**WHAT YOU HAVE TO DO**
Using the material below, print a verbatim copy of every line from the one containing "PTI seeks contempt" through the one containing "Exploring the Depths", inclusive, and omit the pictures.

**SOURCE RECORDS**
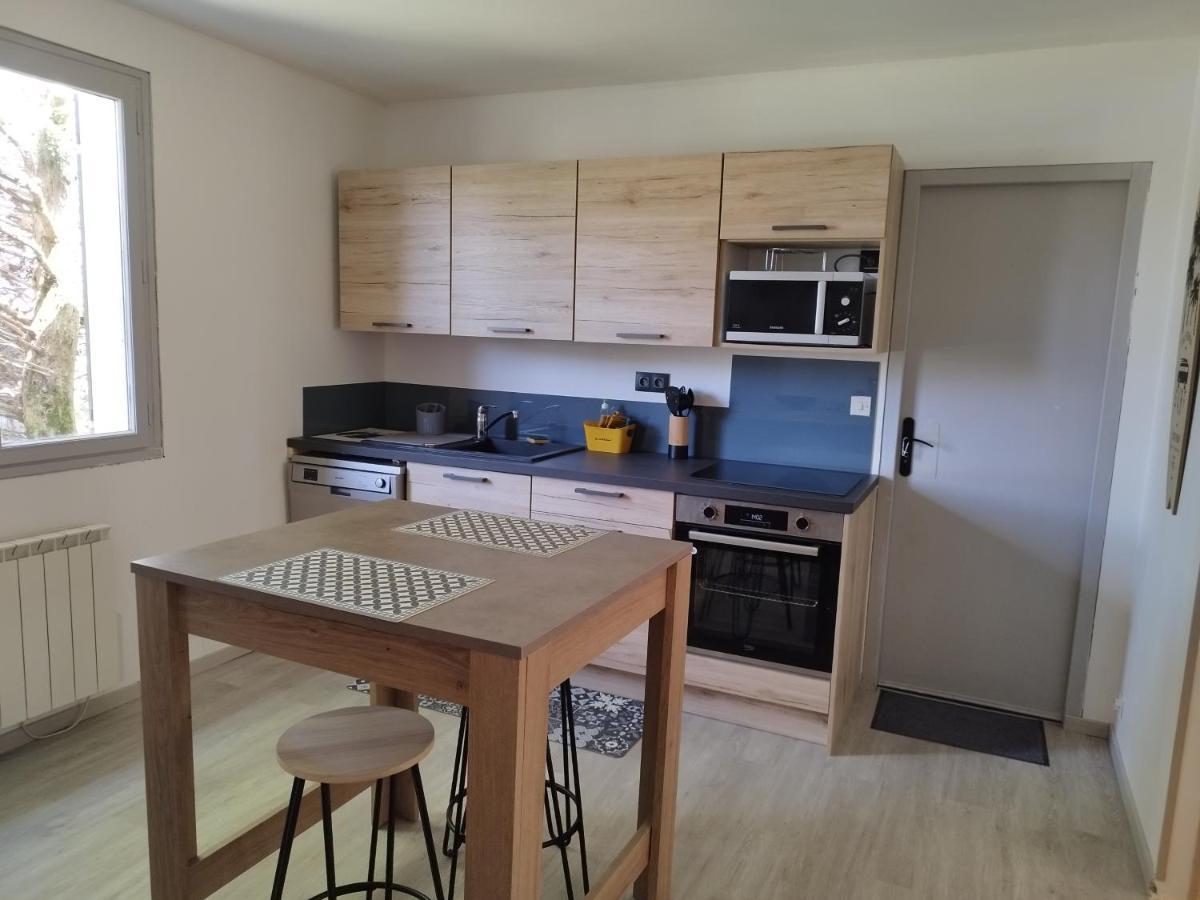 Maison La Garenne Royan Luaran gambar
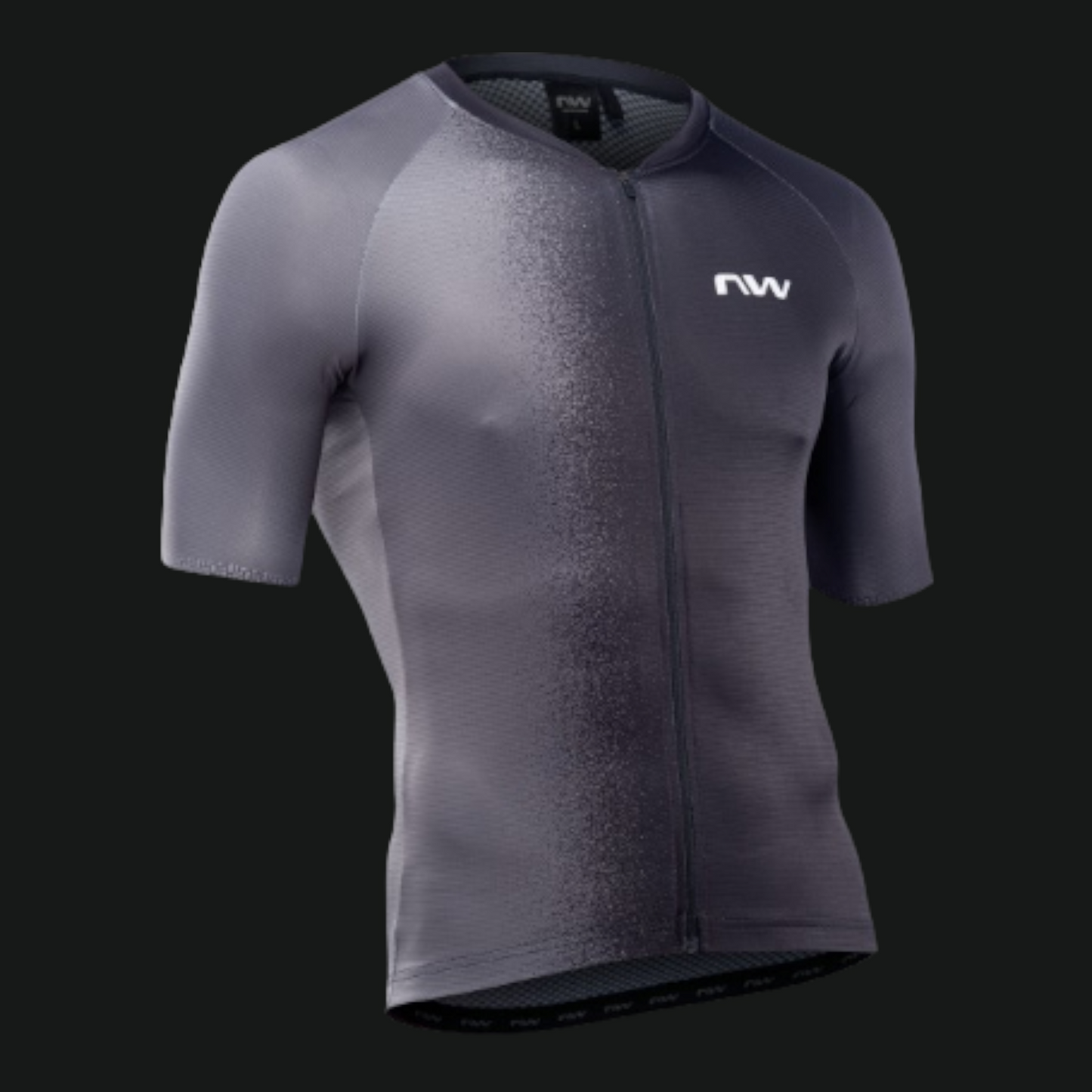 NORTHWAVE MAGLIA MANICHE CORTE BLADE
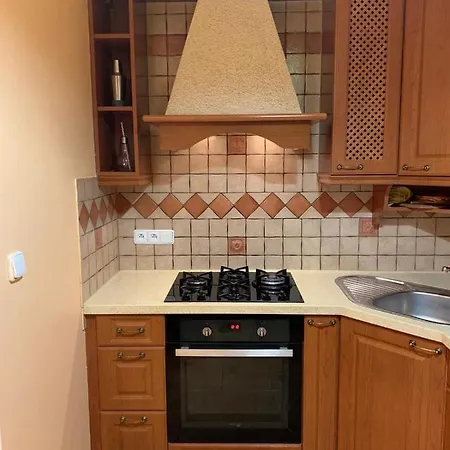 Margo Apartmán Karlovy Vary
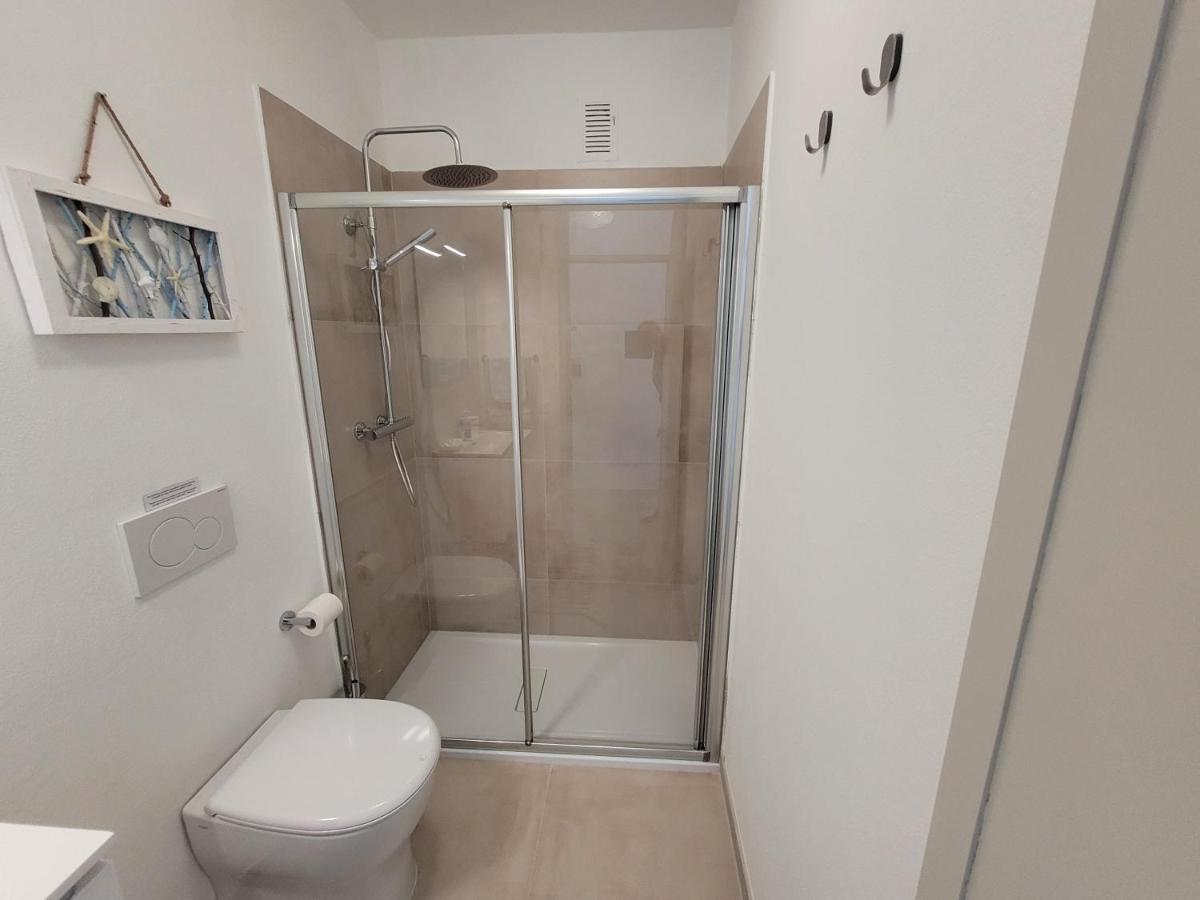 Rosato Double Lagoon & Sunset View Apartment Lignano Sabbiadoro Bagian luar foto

---

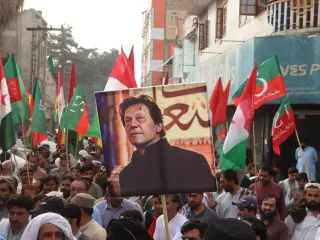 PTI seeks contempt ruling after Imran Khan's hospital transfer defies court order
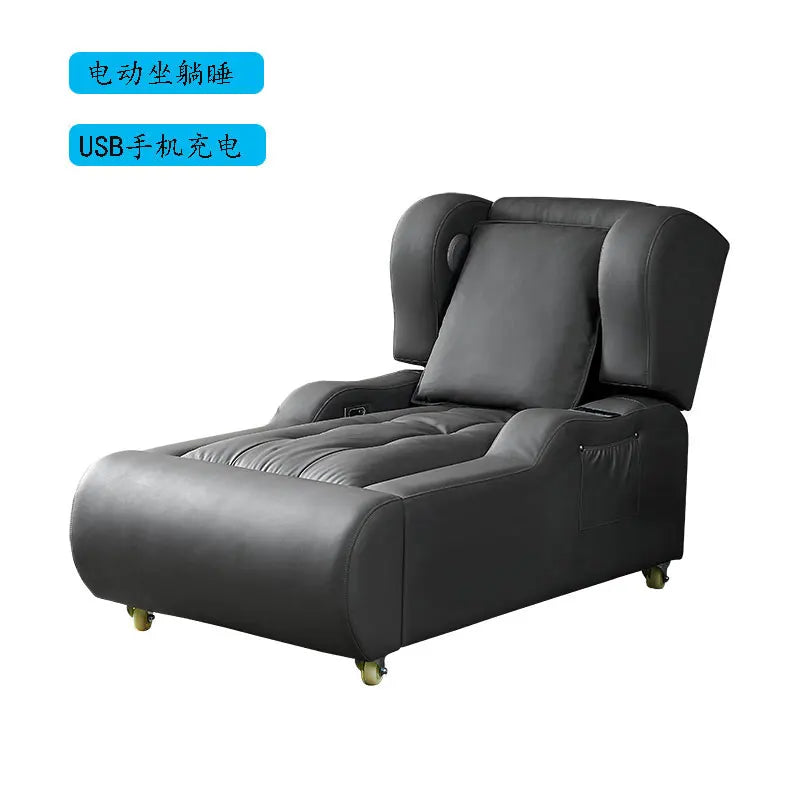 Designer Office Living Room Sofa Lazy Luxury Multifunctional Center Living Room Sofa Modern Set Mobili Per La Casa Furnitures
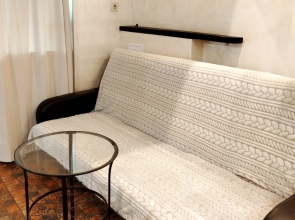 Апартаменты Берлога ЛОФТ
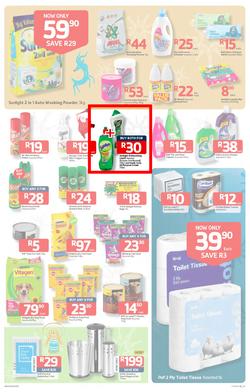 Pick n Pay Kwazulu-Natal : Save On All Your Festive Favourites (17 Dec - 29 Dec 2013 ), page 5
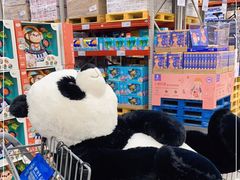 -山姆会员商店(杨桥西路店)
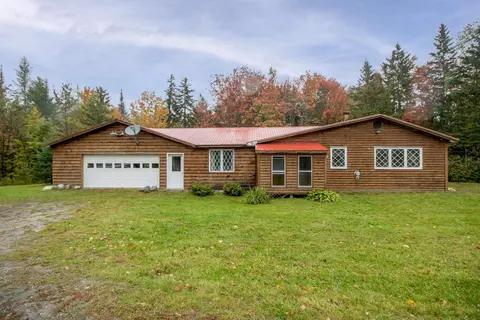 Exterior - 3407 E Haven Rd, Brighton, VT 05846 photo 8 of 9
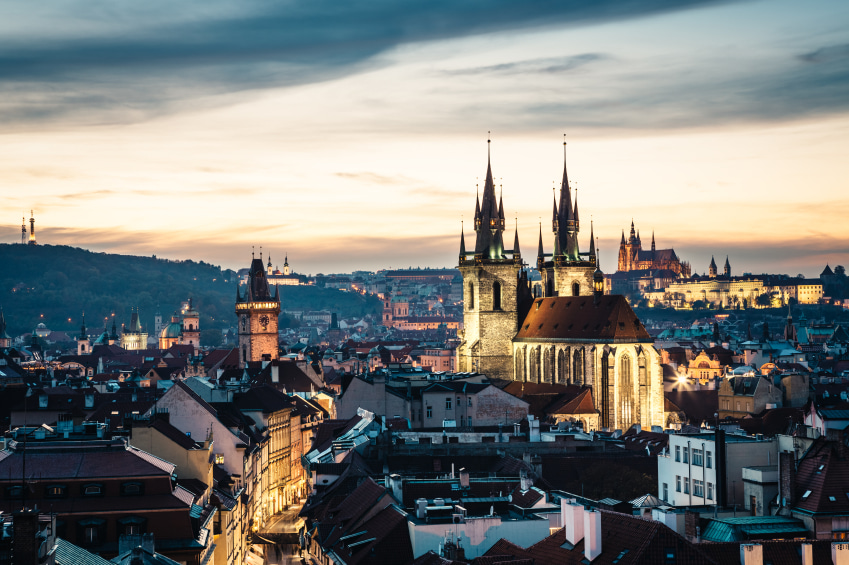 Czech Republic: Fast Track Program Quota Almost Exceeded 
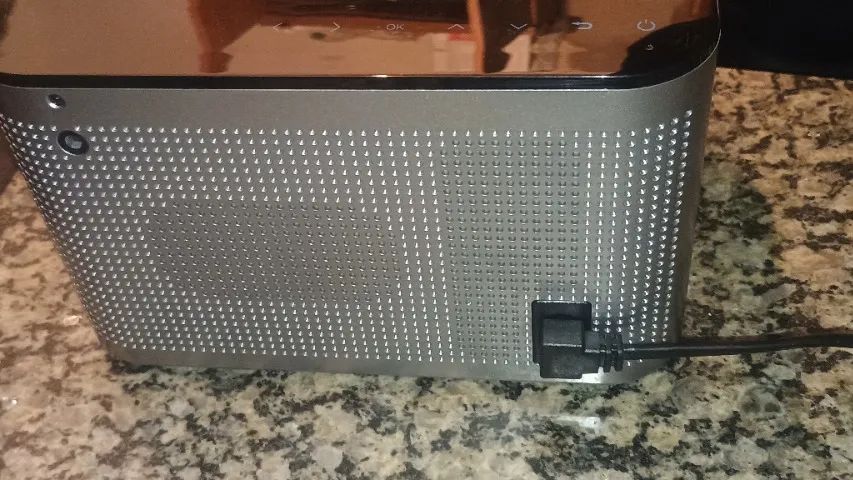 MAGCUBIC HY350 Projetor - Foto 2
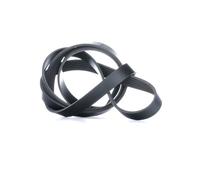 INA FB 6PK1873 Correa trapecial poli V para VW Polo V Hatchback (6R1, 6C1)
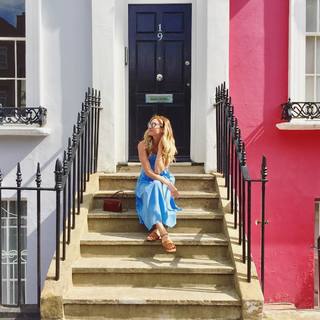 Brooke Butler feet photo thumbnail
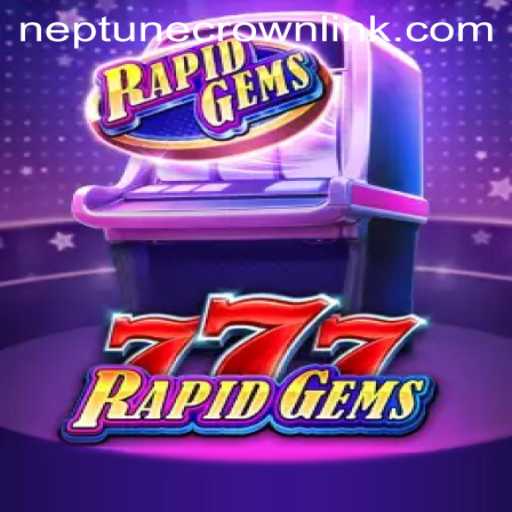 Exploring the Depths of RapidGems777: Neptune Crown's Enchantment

**SOLUTION**
 PTI seeks contempt ruling after Imran Khan's hospital transfer defies court order
 Designer Office Living Room Sofa Lazy Luxury Multifunctional Center Living Room Sofa Modern Set Mobili Per La Casa Furnitures
 Апартаменты Берлога ЛОФТ
 Pick n Pay Kwazulu-Natal : Save On All Your Festive Favourites (17 Dec - 29 Dec 2013 ), page 5
 -山姆会员商店(杨桥西路店)
 Exterior - 3407 E Haven Rd, Brighton, VT 05846 photo 8 of 9
 Czech Republic: Fast Track Program Quota Almost Exceeded 
 MAGCUBIC HY350 Projetor - Foto 2
 INA FB 6PK1873 Correa trapecial poli V para VW Polo V Hatchback (6R1, 6C1)
 Brooke Butler feet photo thumbnail
 Exploring the Depths of RapidGems777: Neptune Crown's Enchantment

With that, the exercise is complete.